The report from Chief Inspector General Melinda Miguel found that there was nothing unlawful in how the money was awarded to bring the company to Port St. Lucie.
However, investigators noted there were gaps in written documentation, conflicting recollections of events and unavailable key witnesses as they reviewed how the project was then successfully moved through the Legislature after the initial proposal failed to get a recommendation from Enterprise Florida.
“This Inspector General report shows two things – first, our current economic project vetting process is in place for a reason, and second, that process was clearly circumvented by the previous administration for the Digital Domain deal,” Scott said in a release.
Enterprise Florida President and CEO Gray Swoope claimed that Scott has imposed a “more rigorous review process for the use of incentive funds” that includes sanctions for failing to meet projected employment and business benchmarks.

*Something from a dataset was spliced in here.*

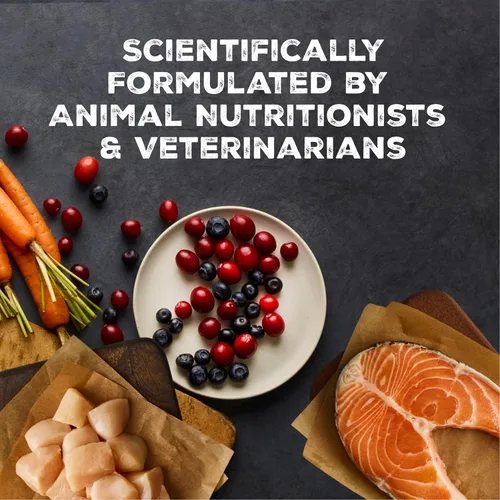 Vista 7 de Blue Buffalo Wilderness Wild Delights Carne Morsels - Alimento húmedo para gatos adultos, con alto contenido de proteínas y sin granos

However, Miguel wrote that safeguards have not been fully put in place to prevent state leaders from approving a similar economic incentive package to the one received by Digital Domain.
According to the report, after the Digital Domain and its president John Textor of Jupiter Island failed to get the favorable recommendation, he and David Brill, Crist’s economic development director, and former Rep. Kevin Ambler, R-Tampa, took the project through the Legislature.